Isso foi entre a moda dos NFTs e da IA, lembra? Ou será que entre AC e DC? Ou INSS e IOF? Está difícil de acompanhar tantas siglas passando pela tela.

O fato é que alguns de nós, seres sencientes (SS), iam até o aplicativo chinês (TIKTOK) e pagavam centavos pra pessoas orgânicas (POs) fazerem movimentos repetitivos (MR) e dizer algumas palavras.

Era quase que um estranho renascimento das artes de persistência, tipo Houdine e David Blaine. O influenciador podia ficar 5 horas contínuas filmando a si mesmo indo pra frente e pra trás, segurando uma mandioca, e repetindo a palavra “flor”.

Isso gerou uma moda de comentários on-line, espantados com a precarização do trabalho no mundo. Nós já estávamos aceitando até imitar computadores pra ganhar algum dinheiro. E isso realmente funcionou pra alguns influenciadores NPC.

Mas eu queria usar esse fenômeno pra pensar em outra coisa. Em como somos dependentes das repetições. Elas estão por toda a parte.

A começar pela pessoa assistindo aos NPCs do TikTok. Provavelmente, ela, também, agia como um personagem não jogável: scroll, rizada, pagamento, scroll, rizada, scroll, rizada, pagamento.

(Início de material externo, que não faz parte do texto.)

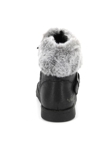 Boots Mod 8 Aldizia 3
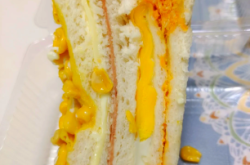 赤峰美食店團購電話多少號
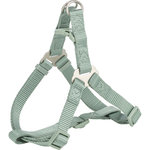 Petral Premium, L, 65–80 cm/25 mm, Salvia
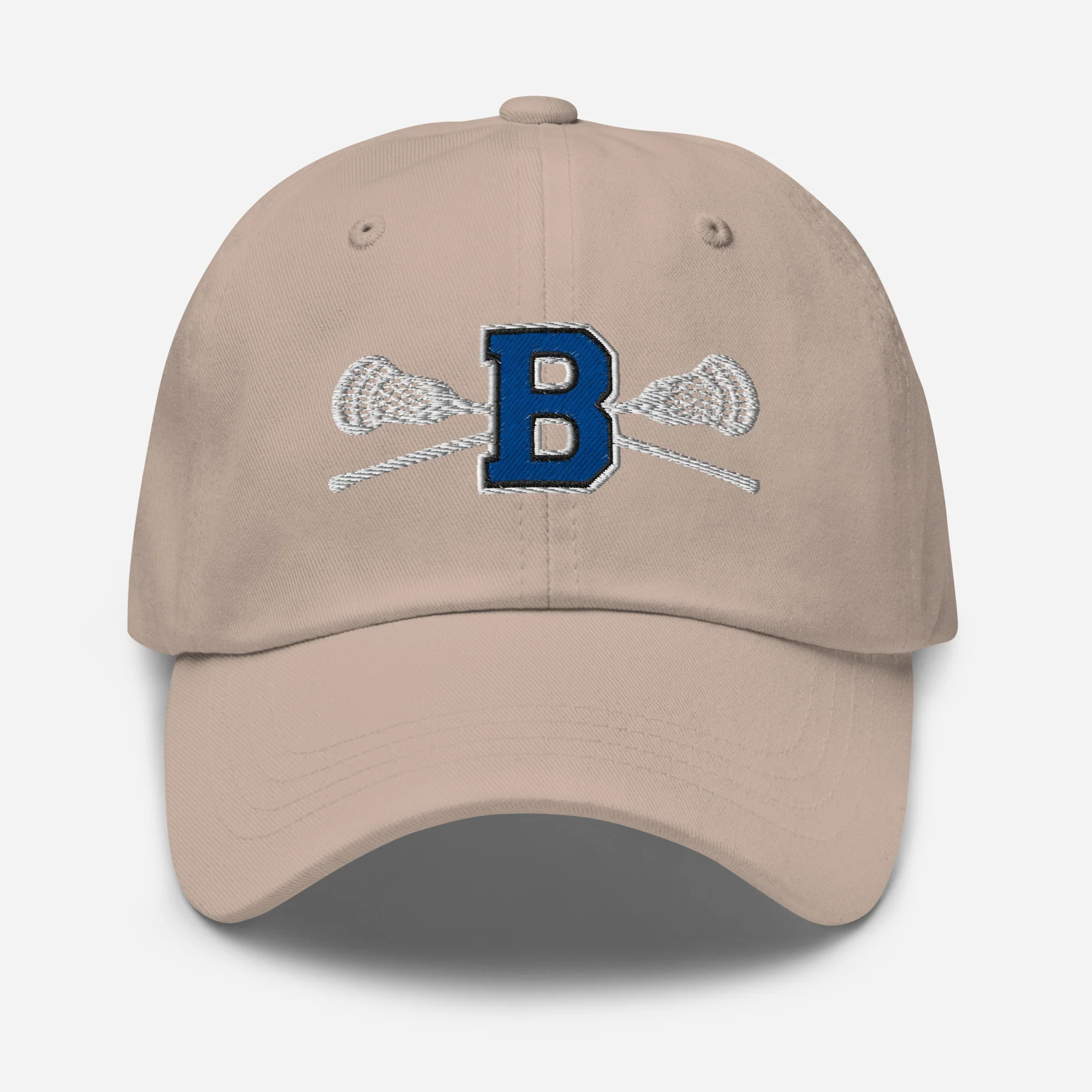 Brookfield Dad hat - Image 4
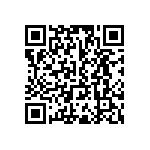 RWR81S6200FSB12 QRCode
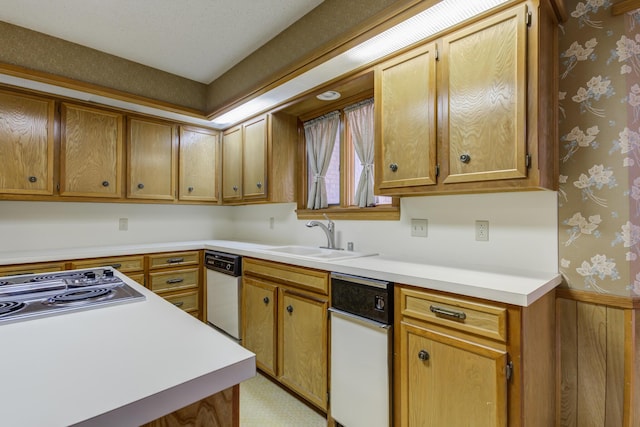 5309 85th St, Lubbock, TX 79424 - photo 18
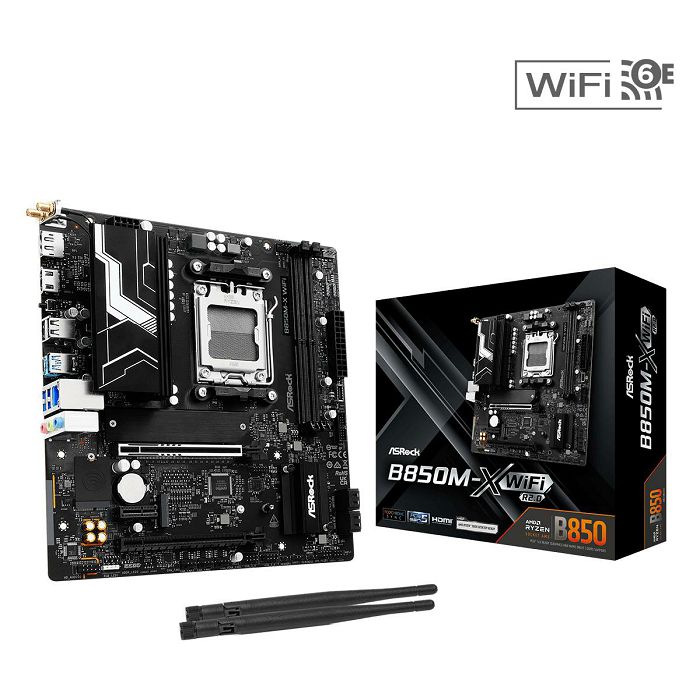 asrock-b850m-x-wifi-r20-am5-1xhdmi-1xdp-b850m-x-wifi-r20-99239-48037016_1.jpg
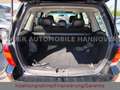 Ford Maverick 3.0 V6 Limited XLT/LPG/Leder/Tüv NEU Schwarz - thumbnail 19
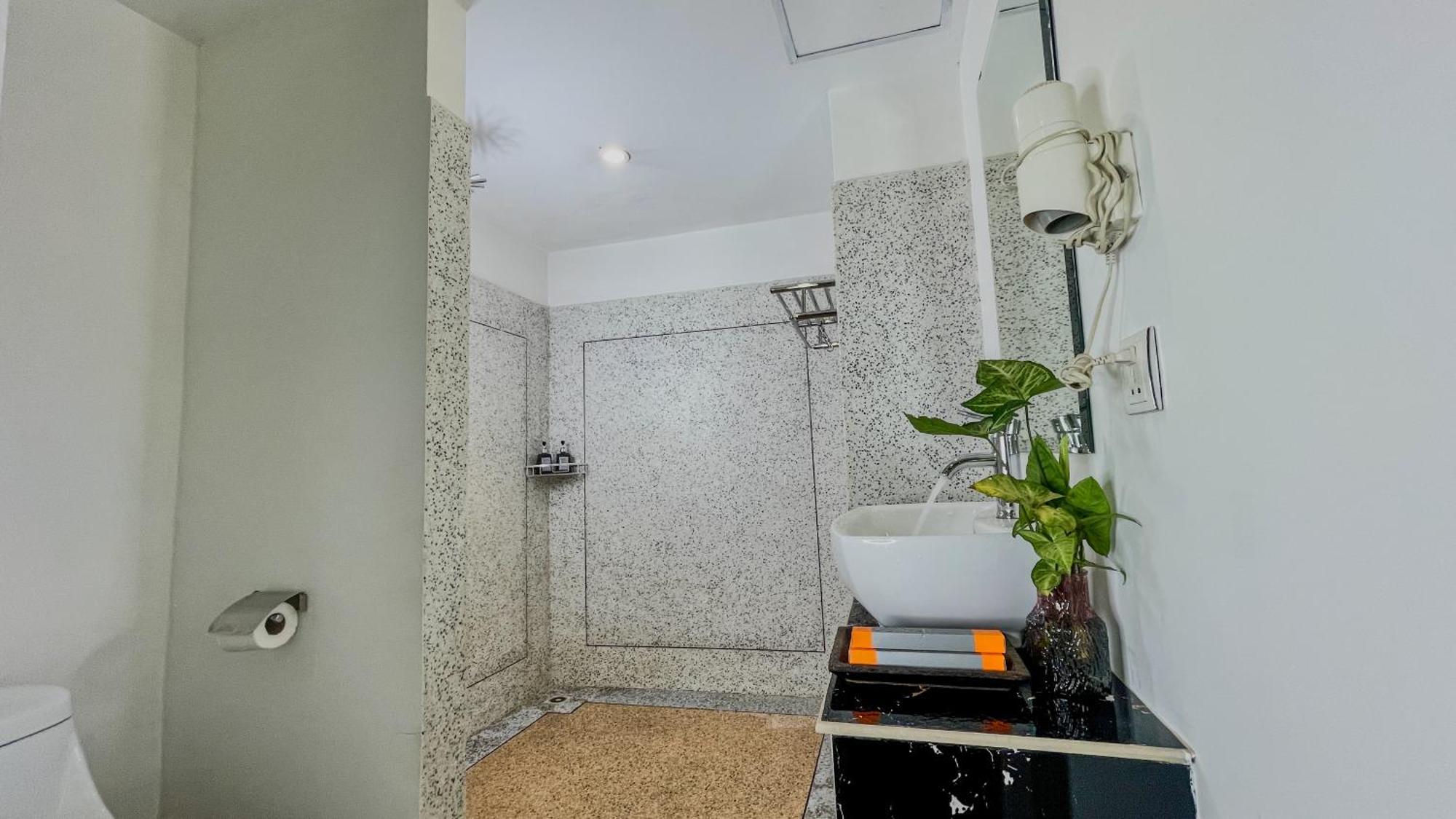 Khách sạn Dusit 4*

Depois, vem o crítico: ridiculariza, publica, checa as estatísticas, faz tudo de novo. Ao sacanear o NPC, você se torna um deles. Em especial, porque continua publicando numa “plataforma” (ou melhor, numa “Roda de Hamster”).

Comer, dormir, reproduzir, trabalhar, se divertir, pensar sobre si. Se você investigar direito, vai encontrar milhares de loops e micro repetições no seu cotidiano. São concatenações de hábitos e padrões tão sutis que, geralmente, passam despercebidos.

E também há um aspecto macro. Segundo alguns sistemas de pensamentos associados à Ásia, existe algo chamado “existência cíclica”, ou samsara. Assim, do ponto de vista “cosmológico”, todos somos hordas de NPCs, repetindo padrões de comportamento por zilhões de anos.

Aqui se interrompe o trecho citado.